Georges ne douta point d’écrire un beau livre. Nul sujet n’était plus propre à piquer sa verve. Passionné comme il l’était sous ses dehors froids, ce lui serait une volupté de tous les instants que de crier effrontément à la face des hommes la vérité sur eux et leurs fausses vertus. Il se mit à l’ouvrage, arrêta son plan et fut heureux, l’ayant dressé, de dire à Lola :
— Vos arguments de l’autre soir m’ont beaucoup frappé : j’espère que dans un an nous serons libres !
— Vous tramez donc un mauvais coup ? lui demanda-t-elle.
Il lui exposa son projet.
— C’est bien ! dit la jeune femme après un silence.
Et elle voulut connaître par le menu l’affabulation mise au point. Quand Georges eut satisfait sa curiosité, son visage s’anima, ses yeux brillèrent, elle se jeta sur son amant, lui baisant les joues, avec une sorte de fureur dans cette effusion qu’il ne lui avait jamais vue.
— A nous deux, mon chéri, s’écria-t-elle, comme nous pourrions faire de belles choses !
La révolte, intégrale, automatique, contre l’homme, le principe ou l’institution, était pour son esprit le pain nécessaire. Il en tirait le meilleur de sa qualité. Georges entreprit sa tâche dès le jour suivant, soutenu par la fièvre de cette maîtresse plus pressée que lui-même de la voir en train. Elle exigea qu’il lui soumît les premiers feuillets, prit plaisir à les lire sur son épaule, puis s’inquiéta quotidiennement du travail fourni. Bientôt, sans que leur flamme en fût diminuée, ils connurent, au milieu de leurs enlacements, de longues pauses immobiles, chair contre chair, durant lesquelles il conversaient du chapitre en cours ou resserraient avec méthode les fils du suivant. Aucun détail alors n’était négligé. D’autant plus attentive à choisir ses mots que s’épanchait plus librement la rancœur de Georges, Lola, tout imprégnée de passion lucide, dévorée d’énergie calculatrice, mesurait le quolibet et dosait l’injure avec le soin d’une femme qui sert sa vengeance. La société piquait du nez dans ses faux semblants, la religion et la patrie grimaçaient, burlesques, sous ses attaques toujours précises et poussées à fond. Et parfois, quand d’aventure sa haine s’échauffait, Georges la comparait à une petite fille barbouillant d’encre ou de suie d’éclatantes poupées, arrachant leur perruque et leur parure, et désarticulant leurs membres de carton peint avant de les vêtir d’une loque dérisoire.
Tant d’agressive ardeur agissait sur lui comme l’éperon sur l’indolence d’un cheval de sang. Tourmenté du souci de la perfection, mais poussant l’exigence jusqu’à la rigueur et mauvais lutteur par surcroît, il n’avait pu jusqu’à ce jour entreprendre une œuvre et soutenir au-delà des premiers obstacles l’effort indispensable à sa construction. Sur une phrase malsonnante, un paragraphe lourd, persuadé qu’il s’entêtait par aveuglement à heurter du front l’impossible, il relisait avec méfiance les pages déjà faites et reposait sa plume, découragé. L’ébauche allait rejoindre au fond du tiroir tant d’autres témoignages déjà oubliés d’une inspiration éphémère : une fois dans ce tombeau, elle n’en sortait plus.

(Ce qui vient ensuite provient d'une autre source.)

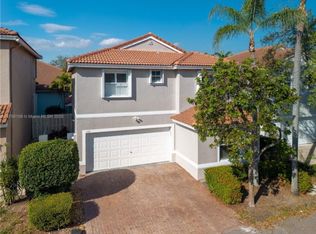 1135 Oysterwood St, Hollywood, FL 33019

Ce lui fut un sujet de naïve fierté que de sentir à chaque séance s’aviver son zèle, stimulé de la veille et encore ardent. Il n’aurait pu sans confusion avouer à Lola qu’en assignant à son talent une étroite limite elle s’était montrée perspicace. Certes, il rencontrait des difficultés. Mais, au lieu de céder, il insistait et n’avait de répit qu’elles ne fussent vaincues. Aux rêveries stériles ou déprimantes qui suffisaient à l’occuper depuis trop longtemps, succéda une période d’enragé labeur, d’impitoyable lutte avec le style, de corps-à-corps surexcitant avec les idées. Tout au plus s’accordait-il, pour se délasser, une courte promenade à travers les bois ou quelque flânerie sur la terrasse ; et même alors il travaillait au chapitre en cours ou puisait dans les espoirs qu’il fondait sur l’œuvre un nouveau regain d’énergie.